On 2016-09-28 00:32, Brandon Allbery wrote:
Can someone please define what exactly a "batteries included" standard library is?
The complications are:
- libraries change quickly and dependents tend to start requiring the new versions just as quickly, rendering the batteries included obsolete almost immediately; - in the opposite direction, some libraries that come with the compiler because it uses them (notably, containers) are effectively frozen because ghc-api or TH or etc. will break.
This makes me think the "batteries included" metaphor is the wrong line of thinking for Haskell. Our environment is more like "direct access to the power lines", thanks to hackage and cabal. The potential downside is that "powerlines at your fingertips" can lead to cases of "plug and fry (your brain)". But then why should the environment be dumbed down to low-voltage batteries when the high-voltage-network is part of what got it to where it is? MarLinn

why should the environment be dumbed down to low-voltage batteries
well "Hello world" should be simple also for someone who never heard of Haskell before. So no harm in providing the batteries. Open the box, skip the instruction, turn it on. On the other hand, it is reasonable to expect to be able to switch between the batteries and the mains. Replace power supply unit, even. I don't see why all these options should not be available or why they conflict.

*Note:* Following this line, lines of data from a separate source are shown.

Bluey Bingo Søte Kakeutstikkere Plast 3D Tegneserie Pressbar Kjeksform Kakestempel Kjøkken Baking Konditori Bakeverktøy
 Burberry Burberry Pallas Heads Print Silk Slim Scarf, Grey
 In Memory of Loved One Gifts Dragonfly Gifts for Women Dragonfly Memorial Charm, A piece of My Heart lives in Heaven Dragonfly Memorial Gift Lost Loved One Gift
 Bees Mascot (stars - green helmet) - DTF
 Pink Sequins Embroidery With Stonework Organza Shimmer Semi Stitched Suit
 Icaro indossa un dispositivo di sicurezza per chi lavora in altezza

Am 28.09.2016 um 07:47 schrieb MarLinn via Haskell-Cafe:
The potential downside is that "powerlines at your fingertips" can lead to cases of "plug and fry (your brain)". But then why should the environment be dumbed down to low-voltage batteries when the high-voltage-network is part of what got it to where it is?
You already said it: Because people will fry their brain. "Powerlines at your fingertips" doesn't apply to Haskell, that's C++ and (if you will) C as well. Haskell is more like household AC: All the power that you need on a day-to-day basis, but carefully shielded, safeguarded and geared towards useful work instead of fry-your-brain accidents. You can disable the safeguards (UnsafeIO) and you better know what you're doing, though it's still not a case of nasal demons.

Am 27.09.2016 um 23:25 schrieb Olaf Klinke:
Can someone please define what exactly a "batteries included" standard library is?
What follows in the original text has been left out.